Однажды Василий зашел на конный двор. Только что кончился обеденный перерыв, и на конном было людно.

Многие пришли за подводами, чтобы ехать на работу — в лес и на поля.

В полутемных стойлах переступали и пофыркивали кони. В приоткрытую дверь падал узкий пучок розоватого морозного света. Матвеевич, розовощекий Алеша, сын бывшего председателя колхоза, и Любава Большакова, присев у дверей на охапку соломы, возились с упряжью.

До войны Любава была веселой, говорливой, бело-розовой. После того как на фронте погиб муж, оставив ее вдовой с пятью детьми, горе словно опалило женщину.
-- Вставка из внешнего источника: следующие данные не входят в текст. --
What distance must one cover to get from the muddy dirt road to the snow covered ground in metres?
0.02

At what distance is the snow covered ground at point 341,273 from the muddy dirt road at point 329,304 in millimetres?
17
Суровым сделался ее характер, и неожиданно проступила в лице иконописная красота.

— Ну, вот и ладно будет, — жестким, непривычным Василию голосом сказала она, встала и вывела из стойла буланого жеребца.

Жеребец шел неуверенно, широко расставляя худые ноли. Ребра его выпирали, как обручи. Выпуклые глаза были странно сухи и печальны.

— Эх, народ! — не сдержался Василий. — До чего Буланого довели! Колхозники! Вам не только что людям, а и коням в глаза, должно, совестно поглядеть!

Любава вскинула голову:

— Ты это кому речь держишь?

— А хоть бы и тебе!

Она бросила поводья и подошла вплотную к Василию.

В косом свете, падавшем из открытой двери, темное лицо ее с румянцем, пятнами вспыхнувшим на обтянутых скулах, с глазами, не то темносерыми, не то черными, нестерпимо блестевшими из-под сдвинутых бровей, показалось Василию таким красивым и таким враждебным, что он отступил.

— Ни на земле, ни на море, ни на небе не сложено еще таких слов, какими тебе меня корить! — жестко сказала Любава. — Ты коня худого увидел, а того ты не видел, как мы в сорок третьем от детей хлеб отрывали, отдавали добровольно для бойцов, для армии, для тебя, председатель?! Ты всех нас поравнял с двумя-тремя лодырями, а они для нас для самих, как болячка на живом месте.

— Наш колхоз в первые годы войны перевыполнял план по хлебопоставкам! — раздался тонкий девичий голос; из дальнего стойла смотрело круглое разрумянившееся лицо комсомолки Татьяны.

— Вот! План перевыполняли! — подхватила Любава и ближе подступила к Василию.

Ее гневное лицо надвигалось на него.

— А ты думаешь, каково это — план-то перевыполнять, при наших землях, при той, при ледяной зиме сорок второго?! Когда люди уходили воевать, когда лучших коней отдали армии, да когда… — У Любавы перехватило дыхание, она глотнула воздух и с усилием вымолвила: — Когда наши слезы вдовьи еще на глазах не высохли. — Она опустила плечи, прислонилась к стойлу и, глядя мимо Василия, уже не ему, а самой себе рассказывала: — В тот день, как получила я повестку… про мужа… в тот день впервые за месяц прояснилось сквозь дожди… А у нас овсы не убраны стояли… Жну я овес, а слеза застит свет, и серп в руке идет — не идет. Жну овсы, ничего не чую, только слышу, Прасковья надо мной ахнула: «Любушка! Да ведь кровища по всей полосе!» Поглядела я, а у меня ноги серпом изрезаны, — Любава передохнула, тихо стало на конном, казалось, даже кони утихли. — Так-то вот… — заключила Любава. — Не говорила бы я, да ты меня довел своими покорами! Ты всех одной мерой не мерь! Разные есть между нами! Тебе бы притти да в ножки поклониться… не мне, а жене твоей Авдотье, чьими заботами наши коровы живы, да парнишке этому Алешке, что с четырнадцати лет мужскую работу ворочал, да бабушке Василисе, у нее на овцеферме не хуже, а лучше, чем до войны. А ты всех под одно и ко всем с попреками! Не сложились еще те слова, которыми тебе нас корить, которыми тебе перед нами выхваляться! Эх, ты!.. Председатель!.. Отойди-ка ты, не стой на пути!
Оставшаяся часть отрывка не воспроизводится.